――15――
※前日から見て二話目です。
表彰と受爵が終わった後は立食パーティーになった。正直魔物暴走でパーティーやるか? という疑問はある。それとも何か別の目的でもあるんだろうか。
確かなことは同年代の中ではすっかり注目の的になったということだ。
「いやもうほんとどうしてこうなった」
「
魔族討伐の功績で勲功第三位に選ばれたマゼルが応じる。本来ならマゼルが一番褒められなきゃいけないはずだが。ゲームのシナリオに狂いが生じてるのは確かだろう。
そもそもあの戦いの後でパーティー開く余裕なんかなかったはずだし。王太子が死んでるんだからな。
いや本当ならこれからも魔族や魔王関連の事件は頻発するからパーティーどころじゃないんだが、それを何で知ってるのかって話になると何も言えん。
なおその王太子は国王と同じく早々に引っ込んだ。何かほかの仕事があるのかも知れないが雲の上過ぎて解らん。
それにしてもこっちは貴族の礼服でマゼルは学生服なのにあっちの方が格好いいのはどういうことだ。神が差別してるとしか思えないんだが。
神の存在を信じてなくても神の差別を信じるのは矛盾か?
「探せばほかにも一人ぐらい……いないか」
「いないと思う。学園でうらやましがる人はいると思うけど」
マゼルの奴は他人事である。まあ普通はそうか。だが俺個人の知識でいえば状況は最悪だ。

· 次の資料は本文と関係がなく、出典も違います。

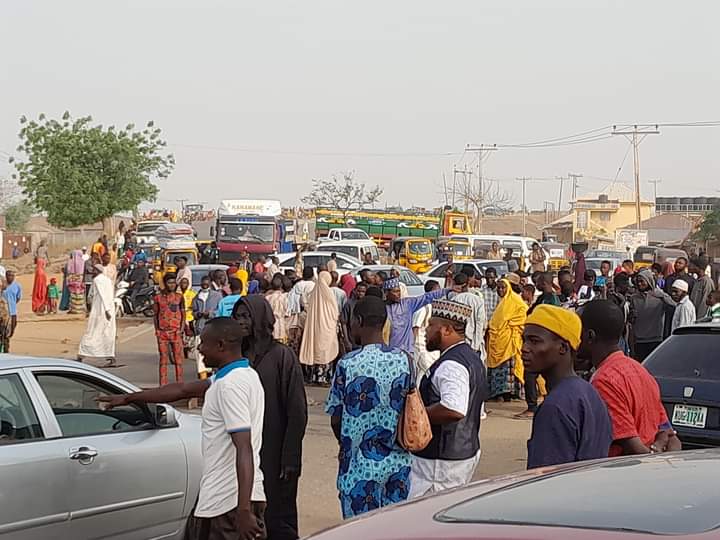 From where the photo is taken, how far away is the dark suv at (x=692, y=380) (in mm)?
8289

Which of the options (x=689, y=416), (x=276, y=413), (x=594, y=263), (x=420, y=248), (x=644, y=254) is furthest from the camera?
(x=420, y=248)

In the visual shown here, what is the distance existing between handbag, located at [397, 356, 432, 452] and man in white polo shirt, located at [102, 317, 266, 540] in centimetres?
70

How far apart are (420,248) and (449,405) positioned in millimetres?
33893

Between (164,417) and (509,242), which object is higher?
(509,242)

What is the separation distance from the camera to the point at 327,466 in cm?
1051

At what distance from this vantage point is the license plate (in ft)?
27.4

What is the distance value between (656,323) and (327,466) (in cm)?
606

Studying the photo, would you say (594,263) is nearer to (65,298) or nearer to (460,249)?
(460,249)

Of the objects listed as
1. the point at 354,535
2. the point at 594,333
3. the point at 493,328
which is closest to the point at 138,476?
the point at 594,333

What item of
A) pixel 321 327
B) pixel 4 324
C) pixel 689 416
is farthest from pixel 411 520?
pixel 4 324

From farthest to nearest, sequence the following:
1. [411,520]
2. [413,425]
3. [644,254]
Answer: [644,254], [413,425], [411,520]

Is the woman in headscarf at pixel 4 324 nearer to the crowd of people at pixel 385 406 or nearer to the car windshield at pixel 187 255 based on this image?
the crowd of people at pixel 385 406

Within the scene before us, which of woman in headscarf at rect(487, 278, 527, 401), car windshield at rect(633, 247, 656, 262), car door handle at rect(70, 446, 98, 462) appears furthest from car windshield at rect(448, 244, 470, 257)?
car door handle at rect(70, 446, 98, 462)

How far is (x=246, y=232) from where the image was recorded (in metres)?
35.6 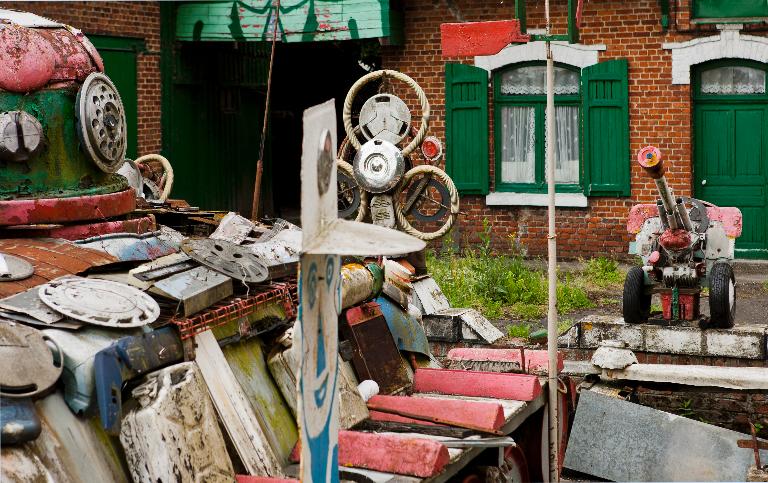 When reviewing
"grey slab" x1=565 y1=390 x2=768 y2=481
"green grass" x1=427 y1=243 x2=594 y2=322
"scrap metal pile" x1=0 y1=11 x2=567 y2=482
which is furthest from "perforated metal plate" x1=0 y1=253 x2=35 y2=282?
"green grass" x1=427 y1=243 x2=594 y2=322

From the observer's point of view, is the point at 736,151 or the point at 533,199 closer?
the point at 736,151

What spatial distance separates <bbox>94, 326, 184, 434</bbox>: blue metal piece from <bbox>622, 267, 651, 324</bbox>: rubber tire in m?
5.98

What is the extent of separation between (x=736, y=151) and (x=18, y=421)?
12276 millimetres

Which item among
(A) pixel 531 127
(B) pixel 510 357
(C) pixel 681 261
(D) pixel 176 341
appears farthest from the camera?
(A) pixel 531 127

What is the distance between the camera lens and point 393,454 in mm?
5027

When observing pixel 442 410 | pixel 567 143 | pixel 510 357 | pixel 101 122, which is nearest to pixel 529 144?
pixel 567 143

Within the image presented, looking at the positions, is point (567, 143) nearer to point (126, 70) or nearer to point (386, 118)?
point (126, 70)

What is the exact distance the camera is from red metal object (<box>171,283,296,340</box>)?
4.98m

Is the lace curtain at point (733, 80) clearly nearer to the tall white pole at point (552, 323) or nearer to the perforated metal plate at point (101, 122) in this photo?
the tall white pole at point (552, 323)

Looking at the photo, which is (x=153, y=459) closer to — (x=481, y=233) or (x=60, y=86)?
(x=60, y=86)

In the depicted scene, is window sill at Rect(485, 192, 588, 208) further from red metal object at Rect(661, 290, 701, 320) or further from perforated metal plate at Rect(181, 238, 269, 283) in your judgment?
perforated metal plate at Rect(181, 238, 269, 283)

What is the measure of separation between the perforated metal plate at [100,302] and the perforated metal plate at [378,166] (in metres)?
4.57

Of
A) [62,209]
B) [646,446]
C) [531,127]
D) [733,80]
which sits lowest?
[646,446]

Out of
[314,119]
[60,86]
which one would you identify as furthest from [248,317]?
[314,119] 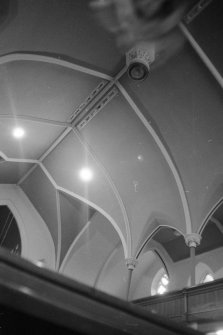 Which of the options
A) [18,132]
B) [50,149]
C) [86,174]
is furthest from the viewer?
[50,149]

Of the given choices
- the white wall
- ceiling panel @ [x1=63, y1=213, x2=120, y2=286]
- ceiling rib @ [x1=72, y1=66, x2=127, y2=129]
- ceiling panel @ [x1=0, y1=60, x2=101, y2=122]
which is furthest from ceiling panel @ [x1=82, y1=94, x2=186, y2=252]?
the white wall

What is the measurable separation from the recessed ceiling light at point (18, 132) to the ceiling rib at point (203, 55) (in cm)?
534

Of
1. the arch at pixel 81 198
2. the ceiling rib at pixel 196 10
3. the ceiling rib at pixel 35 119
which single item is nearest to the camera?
the ceiling rib at pixel 196 10

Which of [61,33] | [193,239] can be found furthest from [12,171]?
[193,239]

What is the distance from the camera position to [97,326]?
979 mm

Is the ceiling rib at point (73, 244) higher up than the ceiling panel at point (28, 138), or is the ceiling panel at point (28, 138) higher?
the ceiling panel at point (28, 138)

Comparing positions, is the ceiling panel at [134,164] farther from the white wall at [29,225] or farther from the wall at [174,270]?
the white wall at [29,225]

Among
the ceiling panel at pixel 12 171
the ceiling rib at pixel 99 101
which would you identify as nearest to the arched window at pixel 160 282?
the ceiling panel at pixel 12 171

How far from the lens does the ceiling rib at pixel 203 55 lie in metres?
7.16

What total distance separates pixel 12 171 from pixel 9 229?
2742mm

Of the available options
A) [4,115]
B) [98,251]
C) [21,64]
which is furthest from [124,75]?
[98,251]

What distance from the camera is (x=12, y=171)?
1246 centimetres

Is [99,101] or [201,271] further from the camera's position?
[201,271]

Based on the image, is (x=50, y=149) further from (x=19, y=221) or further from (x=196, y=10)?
(x=196, y=10)
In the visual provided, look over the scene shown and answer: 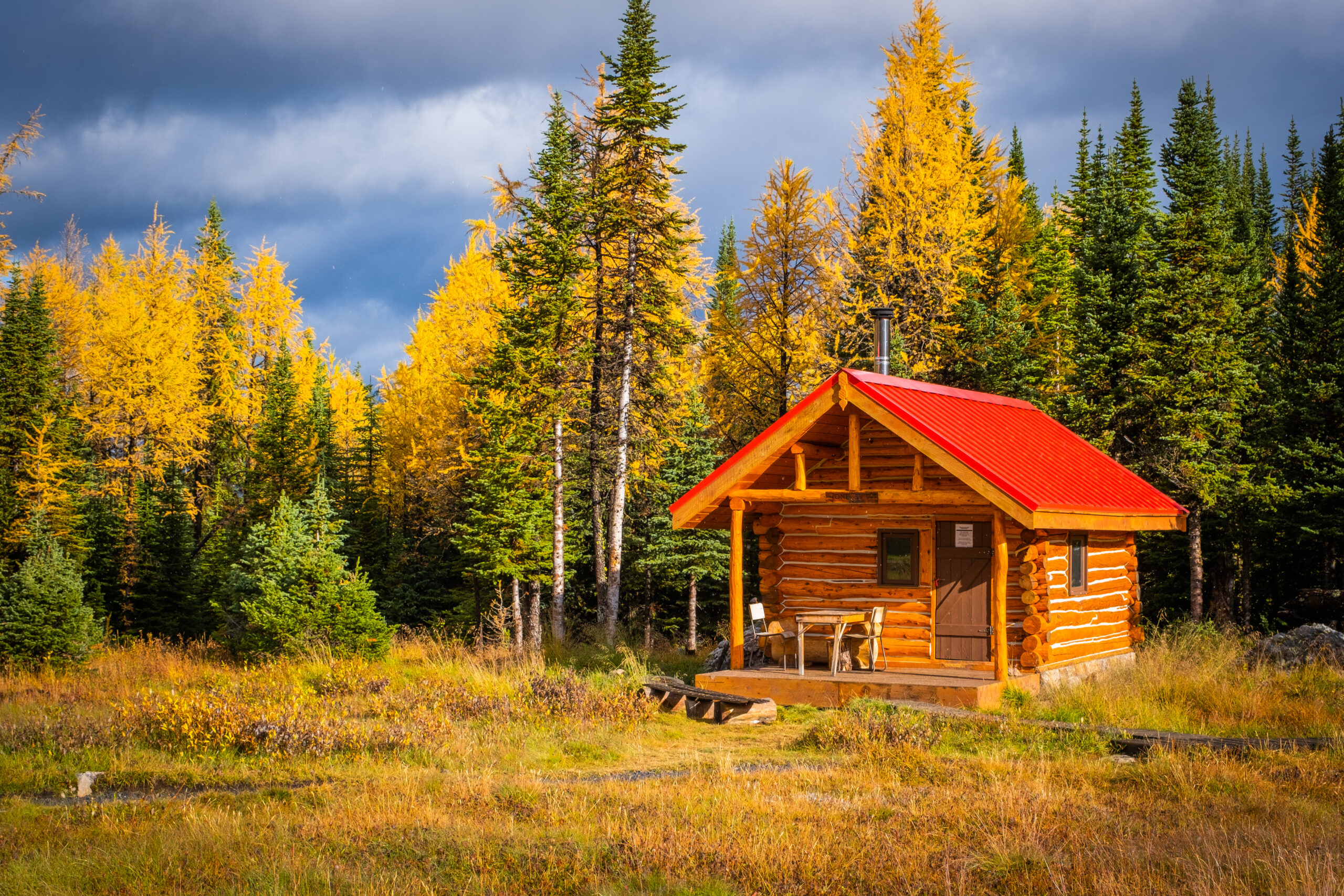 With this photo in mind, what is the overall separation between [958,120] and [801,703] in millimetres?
18461

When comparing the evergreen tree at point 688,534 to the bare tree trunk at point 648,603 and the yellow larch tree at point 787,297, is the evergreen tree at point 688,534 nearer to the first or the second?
the bare tree trunk at point 648,603

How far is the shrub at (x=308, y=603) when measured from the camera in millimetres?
20047

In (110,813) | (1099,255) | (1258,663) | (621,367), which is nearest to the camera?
(110,813)

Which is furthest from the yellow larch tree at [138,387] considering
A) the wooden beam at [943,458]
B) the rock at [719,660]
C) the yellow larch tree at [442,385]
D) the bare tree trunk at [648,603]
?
the wooden beam at [943,458]

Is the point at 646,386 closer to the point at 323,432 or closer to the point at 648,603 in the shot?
the point at 648,603

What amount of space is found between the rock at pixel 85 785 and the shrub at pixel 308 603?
9.91m

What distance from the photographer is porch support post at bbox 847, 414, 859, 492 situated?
592 inches

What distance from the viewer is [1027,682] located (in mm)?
14422

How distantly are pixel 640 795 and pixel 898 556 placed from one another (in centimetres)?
841

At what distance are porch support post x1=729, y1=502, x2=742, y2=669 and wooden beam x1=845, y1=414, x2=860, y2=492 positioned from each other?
1825 millimetres

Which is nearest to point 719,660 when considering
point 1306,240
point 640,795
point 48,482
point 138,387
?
point 640,795

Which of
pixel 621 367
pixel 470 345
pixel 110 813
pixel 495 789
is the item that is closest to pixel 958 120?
pixel 621 367

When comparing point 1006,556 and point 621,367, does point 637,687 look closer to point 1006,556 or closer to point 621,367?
point 1006,556

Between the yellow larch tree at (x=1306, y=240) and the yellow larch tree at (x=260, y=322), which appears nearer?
the yellow larch tree at (x=1306, y=240) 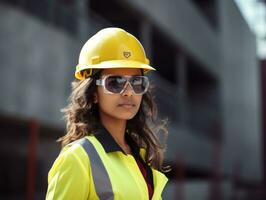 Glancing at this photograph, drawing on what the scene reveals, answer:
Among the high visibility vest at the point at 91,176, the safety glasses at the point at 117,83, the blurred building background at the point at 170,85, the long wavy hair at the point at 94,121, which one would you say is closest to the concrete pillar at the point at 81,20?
the blurred building background at the point at 170,85

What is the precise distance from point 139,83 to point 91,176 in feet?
1.52

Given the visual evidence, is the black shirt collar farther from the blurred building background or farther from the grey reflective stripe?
the blurred building background

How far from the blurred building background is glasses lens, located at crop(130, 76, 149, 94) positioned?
207 inches

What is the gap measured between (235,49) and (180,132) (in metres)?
10.2

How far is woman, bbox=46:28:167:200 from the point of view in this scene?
186 cm

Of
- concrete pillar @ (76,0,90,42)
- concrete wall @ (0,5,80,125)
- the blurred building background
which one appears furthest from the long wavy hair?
concrete pillar @ (76,0,90,42)

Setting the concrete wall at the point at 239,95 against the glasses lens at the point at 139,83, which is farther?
the concrete wall at the point at 239,95

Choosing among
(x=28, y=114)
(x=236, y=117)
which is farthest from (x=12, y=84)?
(x=236, y=117)

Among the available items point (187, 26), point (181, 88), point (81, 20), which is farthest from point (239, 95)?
point (81, 20)

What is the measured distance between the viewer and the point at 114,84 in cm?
207

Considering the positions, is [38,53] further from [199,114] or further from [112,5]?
[199,114]

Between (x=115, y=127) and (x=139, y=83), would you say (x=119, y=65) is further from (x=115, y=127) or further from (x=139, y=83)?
(x=115, y=127)

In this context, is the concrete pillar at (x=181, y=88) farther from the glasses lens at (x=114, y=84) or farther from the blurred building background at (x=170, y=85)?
the glasses lens at (x=114, y=84)

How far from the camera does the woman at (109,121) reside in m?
1.86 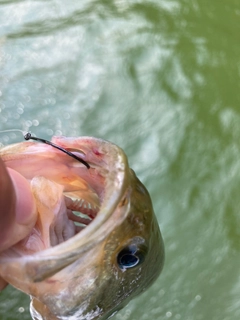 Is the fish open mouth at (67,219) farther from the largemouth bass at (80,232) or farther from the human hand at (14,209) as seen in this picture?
the human hand at (14,209)

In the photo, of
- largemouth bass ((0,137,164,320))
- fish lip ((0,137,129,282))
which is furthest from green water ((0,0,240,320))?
fish lip ((0,137,129,282))

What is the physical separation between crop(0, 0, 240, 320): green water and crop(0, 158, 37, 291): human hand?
1.90 meters

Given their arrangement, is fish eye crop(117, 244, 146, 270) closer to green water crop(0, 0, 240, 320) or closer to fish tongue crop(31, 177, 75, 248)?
fish tongue crop(31, 177, 75, 248)

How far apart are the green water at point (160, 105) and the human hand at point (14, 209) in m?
1.90

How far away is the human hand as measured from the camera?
1.08 metres

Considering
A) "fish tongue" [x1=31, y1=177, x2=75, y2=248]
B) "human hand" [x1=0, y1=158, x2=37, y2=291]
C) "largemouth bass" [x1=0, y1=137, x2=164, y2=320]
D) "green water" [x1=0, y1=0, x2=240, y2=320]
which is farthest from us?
"green water" [x1=0, y1=0, x2=240, y2=320]

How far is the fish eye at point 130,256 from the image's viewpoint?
134 cm

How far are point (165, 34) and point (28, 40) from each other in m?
1.17

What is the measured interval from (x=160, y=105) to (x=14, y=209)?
2821 millimetres

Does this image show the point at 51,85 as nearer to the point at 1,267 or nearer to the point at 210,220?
the point at 210,220

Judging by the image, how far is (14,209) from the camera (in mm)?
1157

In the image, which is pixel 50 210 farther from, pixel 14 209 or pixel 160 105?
pixel 160 105

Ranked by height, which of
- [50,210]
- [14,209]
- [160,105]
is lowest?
[160,105]

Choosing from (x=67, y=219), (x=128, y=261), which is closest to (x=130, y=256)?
(x=128, y=261) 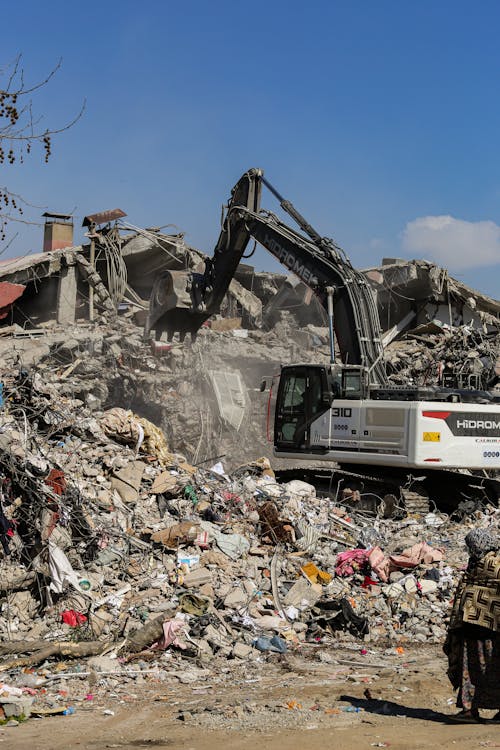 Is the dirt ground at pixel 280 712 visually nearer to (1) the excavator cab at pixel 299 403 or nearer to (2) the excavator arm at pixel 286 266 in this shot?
(1) the excavator cab at pixel 299 403

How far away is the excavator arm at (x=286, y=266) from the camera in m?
12.4

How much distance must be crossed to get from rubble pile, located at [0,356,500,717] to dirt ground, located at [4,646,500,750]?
376 mm

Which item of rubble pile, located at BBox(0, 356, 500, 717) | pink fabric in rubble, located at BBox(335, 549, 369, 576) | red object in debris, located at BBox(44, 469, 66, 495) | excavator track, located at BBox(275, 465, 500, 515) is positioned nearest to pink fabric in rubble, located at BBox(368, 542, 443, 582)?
rubble pile, located at BBox(0, 356, 500, 717)

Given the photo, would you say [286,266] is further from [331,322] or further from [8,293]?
[8,293]

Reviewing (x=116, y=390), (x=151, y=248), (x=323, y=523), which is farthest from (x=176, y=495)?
(x=151, y=248)

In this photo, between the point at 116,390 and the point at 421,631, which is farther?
the point at 116,390

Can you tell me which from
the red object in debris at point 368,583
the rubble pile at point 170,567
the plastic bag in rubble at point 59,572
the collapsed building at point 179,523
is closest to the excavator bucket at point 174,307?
the collapsed building at point 179,523

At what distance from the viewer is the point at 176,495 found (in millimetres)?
10391

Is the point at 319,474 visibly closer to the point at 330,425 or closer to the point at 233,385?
the point at 330,425

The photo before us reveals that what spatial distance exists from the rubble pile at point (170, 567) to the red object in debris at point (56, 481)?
0.07ft

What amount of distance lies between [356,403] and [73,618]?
567cm

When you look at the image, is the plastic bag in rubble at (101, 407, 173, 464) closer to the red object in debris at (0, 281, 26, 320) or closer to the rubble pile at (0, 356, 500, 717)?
the rubble pile at (0, 356, 500, 717)

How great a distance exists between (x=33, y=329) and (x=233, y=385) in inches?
199

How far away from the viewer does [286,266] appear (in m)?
13.4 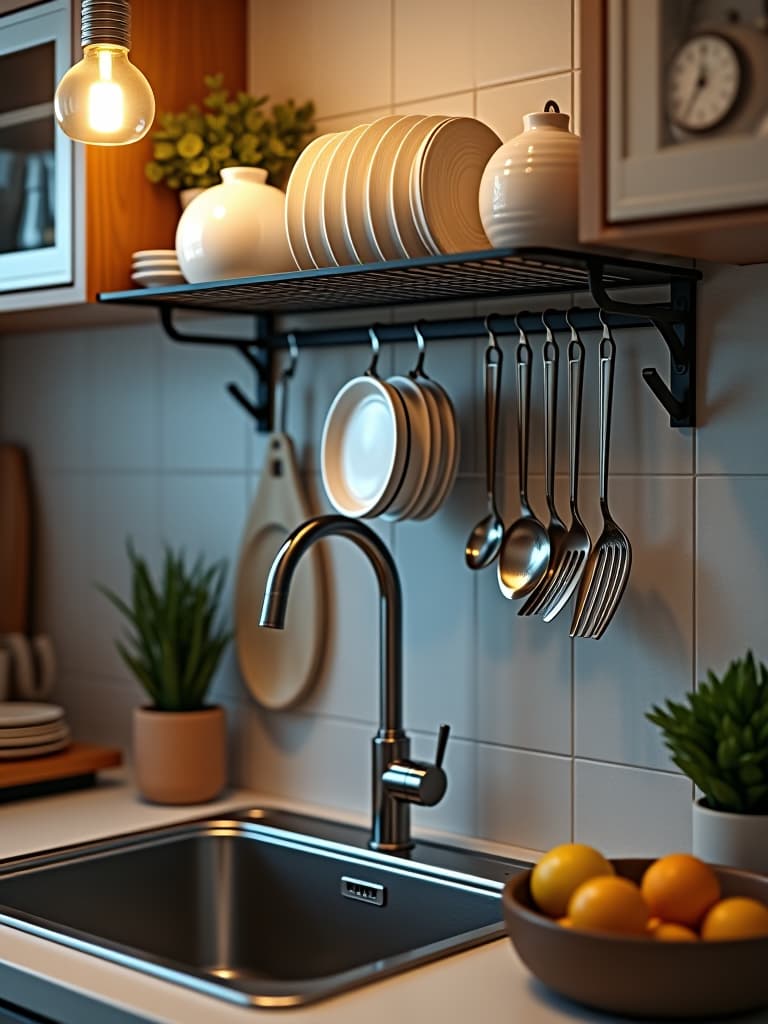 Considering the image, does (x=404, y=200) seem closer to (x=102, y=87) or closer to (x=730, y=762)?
(x=102, y=87)

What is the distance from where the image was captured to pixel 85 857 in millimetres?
1749

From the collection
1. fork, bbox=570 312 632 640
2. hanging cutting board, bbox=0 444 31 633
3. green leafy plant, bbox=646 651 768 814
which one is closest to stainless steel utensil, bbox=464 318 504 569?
fork, bbox=570 312 632 640

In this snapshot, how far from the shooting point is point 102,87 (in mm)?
1562

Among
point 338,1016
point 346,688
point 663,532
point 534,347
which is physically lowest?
point 338,1016

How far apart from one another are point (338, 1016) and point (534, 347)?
0.84 metres

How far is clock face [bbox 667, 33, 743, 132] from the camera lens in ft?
3.88

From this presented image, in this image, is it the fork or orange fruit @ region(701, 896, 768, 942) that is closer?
orange fruit @ region(701, 896, 768, 942)

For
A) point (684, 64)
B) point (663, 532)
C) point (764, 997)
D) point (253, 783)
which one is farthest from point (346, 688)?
point (684, 64)

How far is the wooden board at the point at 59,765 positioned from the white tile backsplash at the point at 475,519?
19cm

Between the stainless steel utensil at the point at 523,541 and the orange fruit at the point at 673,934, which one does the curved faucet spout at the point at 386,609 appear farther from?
the orange fruit at the point at 673,934

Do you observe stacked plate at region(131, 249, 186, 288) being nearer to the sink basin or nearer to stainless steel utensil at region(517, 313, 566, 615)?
stainless steel utensil at region(517, 313, 566, 615)

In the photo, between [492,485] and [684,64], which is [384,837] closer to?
[492,485]

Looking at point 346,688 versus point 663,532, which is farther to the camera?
point 346,688

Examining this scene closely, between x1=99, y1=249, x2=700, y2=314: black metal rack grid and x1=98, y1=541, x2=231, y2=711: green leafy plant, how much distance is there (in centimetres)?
43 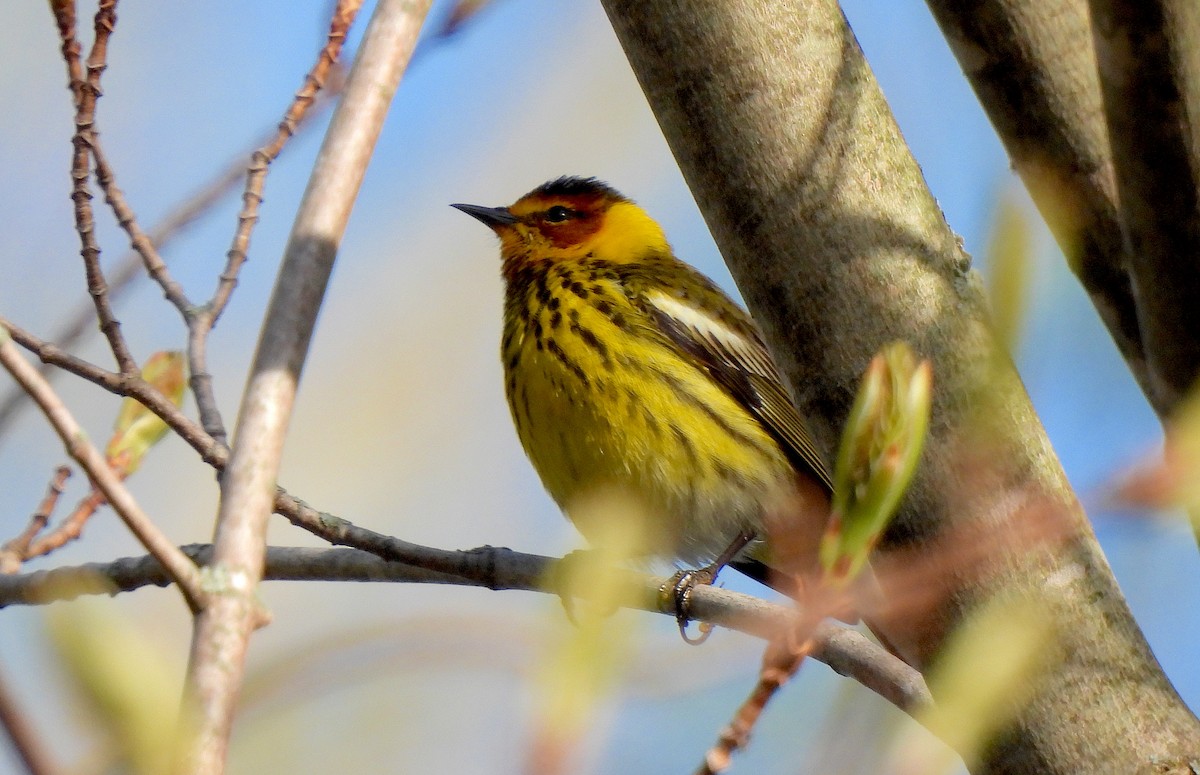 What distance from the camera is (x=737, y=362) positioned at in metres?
4.32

学生だから王都から長時間離れられないし、爵位を預かった以上王城にいる可能性も高くなる。要するにあのイベントの時に城内にいる可能性が上がったわけで。
「胃が痛ぇ」
「僕は昨日のほうが胃が痛かったんだけどな」
とてもそうは見えないが多少緊張から解放された雰囲気はある。やっぱり礼儀を気にはしてたのか。
その割に陛下とのやり取りは教科書に載ってもいいぐらいだったがな。なんでもそつなくこなすのも主人公チートかねえ。
まあ飯を食う気はないので胃が痛いのは好都合か。
ちなみに前世で転生とか転移ものは大体メシマズがネタになった。中にはそっちに特化した料理物もある。一方中世料理を誤解してるのも結構あった。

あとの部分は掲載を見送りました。